=== Begin Enclosure ===

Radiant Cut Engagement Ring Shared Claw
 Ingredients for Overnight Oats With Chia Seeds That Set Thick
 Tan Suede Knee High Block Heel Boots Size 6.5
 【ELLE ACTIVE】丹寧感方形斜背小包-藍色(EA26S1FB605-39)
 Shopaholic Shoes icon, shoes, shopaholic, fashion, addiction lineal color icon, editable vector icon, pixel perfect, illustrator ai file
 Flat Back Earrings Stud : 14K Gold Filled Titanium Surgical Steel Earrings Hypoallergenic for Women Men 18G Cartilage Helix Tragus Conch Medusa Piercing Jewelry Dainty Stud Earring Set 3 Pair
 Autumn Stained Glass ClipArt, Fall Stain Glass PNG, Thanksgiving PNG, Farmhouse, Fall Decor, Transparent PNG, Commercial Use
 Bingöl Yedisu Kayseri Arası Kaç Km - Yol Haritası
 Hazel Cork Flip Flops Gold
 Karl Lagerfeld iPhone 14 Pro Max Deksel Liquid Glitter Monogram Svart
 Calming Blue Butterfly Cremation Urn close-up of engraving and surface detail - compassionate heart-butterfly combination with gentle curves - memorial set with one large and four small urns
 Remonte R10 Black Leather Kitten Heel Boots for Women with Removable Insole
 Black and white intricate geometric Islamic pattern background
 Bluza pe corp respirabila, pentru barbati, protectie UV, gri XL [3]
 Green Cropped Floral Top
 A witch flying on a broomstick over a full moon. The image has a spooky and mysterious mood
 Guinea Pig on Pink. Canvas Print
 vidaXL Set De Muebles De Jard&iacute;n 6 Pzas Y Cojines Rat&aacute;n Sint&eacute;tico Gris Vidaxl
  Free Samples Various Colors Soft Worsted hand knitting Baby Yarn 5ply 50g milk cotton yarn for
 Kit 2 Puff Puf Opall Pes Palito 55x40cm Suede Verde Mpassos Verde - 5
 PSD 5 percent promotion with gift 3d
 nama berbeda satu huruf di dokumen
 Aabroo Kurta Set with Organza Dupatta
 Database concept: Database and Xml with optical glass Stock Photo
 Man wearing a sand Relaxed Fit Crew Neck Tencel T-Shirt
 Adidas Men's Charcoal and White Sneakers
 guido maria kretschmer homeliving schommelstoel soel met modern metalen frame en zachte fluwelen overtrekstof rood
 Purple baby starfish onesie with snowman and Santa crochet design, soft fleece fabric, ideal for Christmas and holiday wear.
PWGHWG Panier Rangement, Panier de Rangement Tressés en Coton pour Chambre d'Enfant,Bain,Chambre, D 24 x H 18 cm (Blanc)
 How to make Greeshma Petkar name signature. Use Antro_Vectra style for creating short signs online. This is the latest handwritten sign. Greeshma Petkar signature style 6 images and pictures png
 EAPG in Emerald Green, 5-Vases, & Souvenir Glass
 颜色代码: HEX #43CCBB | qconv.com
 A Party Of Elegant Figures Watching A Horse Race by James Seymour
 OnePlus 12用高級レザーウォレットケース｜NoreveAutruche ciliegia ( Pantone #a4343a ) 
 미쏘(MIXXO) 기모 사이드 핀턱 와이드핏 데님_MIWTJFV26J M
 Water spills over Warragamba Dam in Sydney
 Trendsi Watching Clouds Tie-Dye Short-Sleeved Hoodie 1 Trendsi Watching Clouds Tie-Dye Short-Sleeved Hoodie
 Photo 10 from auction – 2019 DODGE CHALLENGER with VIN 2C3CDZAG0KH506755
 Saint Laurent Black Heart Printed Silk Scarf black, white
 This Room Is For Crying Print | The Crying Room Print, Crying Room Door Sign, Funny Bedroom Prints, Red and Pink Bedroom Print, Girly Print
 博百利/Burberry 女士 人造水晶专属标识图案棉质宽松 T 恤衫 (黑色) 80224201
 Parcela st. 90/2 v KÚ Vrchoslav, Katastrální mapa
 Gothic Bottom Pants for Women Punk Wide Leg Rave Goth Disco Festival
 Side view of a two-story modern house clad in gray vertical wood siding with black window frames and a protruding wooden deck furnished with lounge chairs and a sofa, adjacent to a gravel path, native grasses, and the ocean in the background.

=== End Enclosure ===

** What you are asked to do **
Please write out only the lines from the one containing "This Room Is" to the end of the records above, exactly, both ends included.

** Written answer **
 This Room Is For Crying Print | The Crying Room Print, Crying Room Door Sign, Funny Bedroom Prints, Red and Pink Bedroom Print, Girly Print
 博百利/Burberry 女士 人造水晶专属标识图案棉质宽松 T 恤衫 (黑色) 80224201
 Parcela st. 90/2 v KÚ Vrchoslav, Katastrální mapa
 Gothic Bottom Pants for Women Punk Wide Leg Rave Goth Disco Festival
 Side view of a two-story modern house clad in gray vertical wood siding with black window frames and a protruding wooden deck furnished with lounge chairs and a sofa, adjacent to a gravel path, native grasses, and the ocean in the background.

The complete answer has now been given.